I thought you were implying they couldn't. I just had flashbacks to too many
arguments with people who don't get how computers work where they claim that
machines are just ones and zeroes, on or off, black or white, and humans are
so many shades in between. What do the kids these days say? _triggered_

I didn't get that you were referring to the process of capturing user
requirements.

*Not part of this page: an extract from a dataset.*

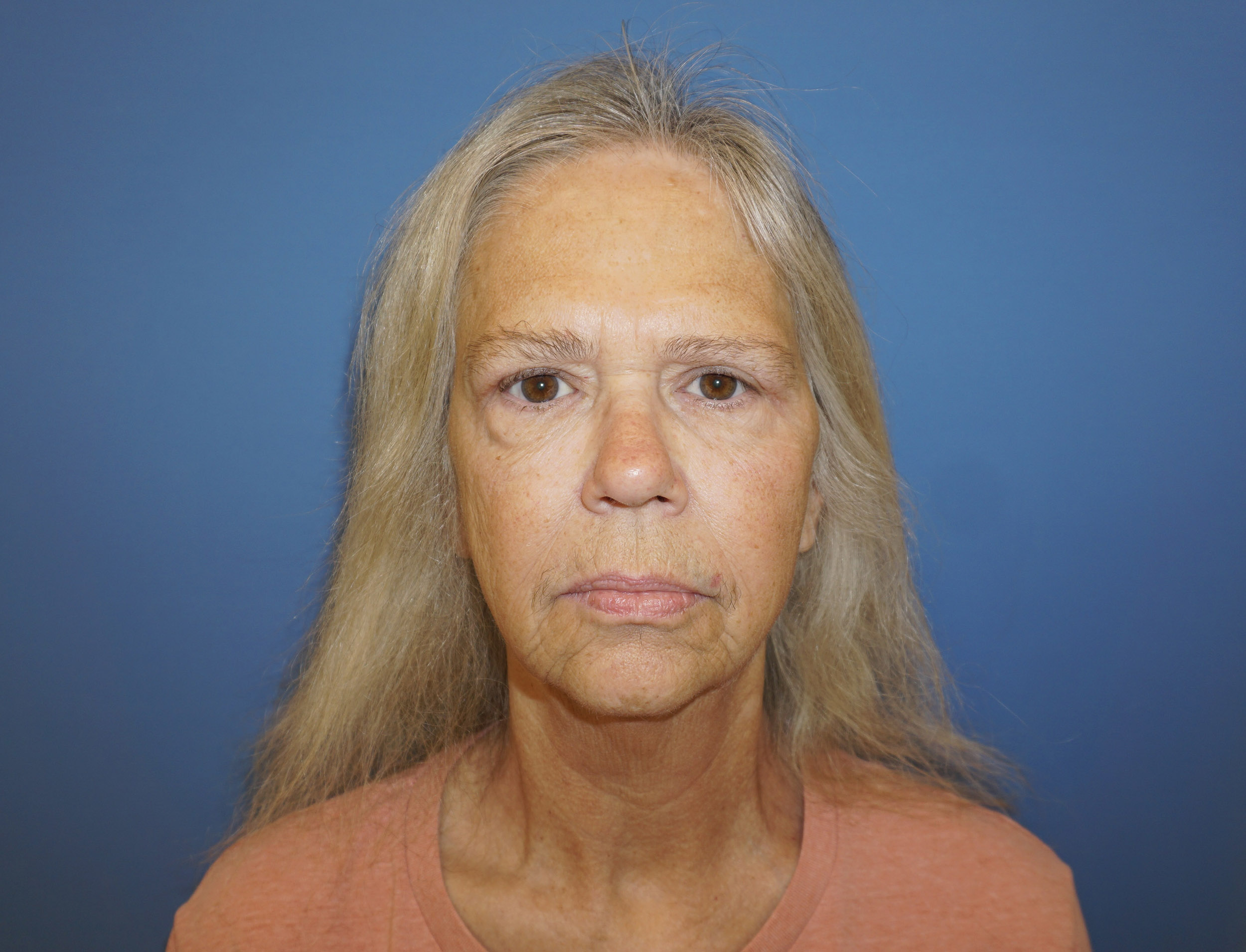 Blepharoplasty – Patient 9 After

I can see in that context why you would call that process
'squishy'. I wouldn't disagree with you on that, then it's probably a
perfectly good work to describe that open-ended, frustrating! iterative
process of discovery and refinement.

I really asked for those down-votes with the tone and manner in which I first
replied to you. :/ Let some bad news I received filter through there. _sigh_

------
tyingq
>> _“Instead of programming a computer you teach it what it [Google’s cloud]
wants to know and it learns to give you what you want,”_ explained Eric
Schmidt, software engineer and executive chairman of Google's Alphabet, Inc.

Skeptical on this. To date, nothing has even emerged that would allow non-
technical people to create the basic CRUD apps that we create over and over.
Quickbase/Filemaker/etc are somewhat close, as was the now-dead DabbleDB,
...but, most of the people using those were developers :)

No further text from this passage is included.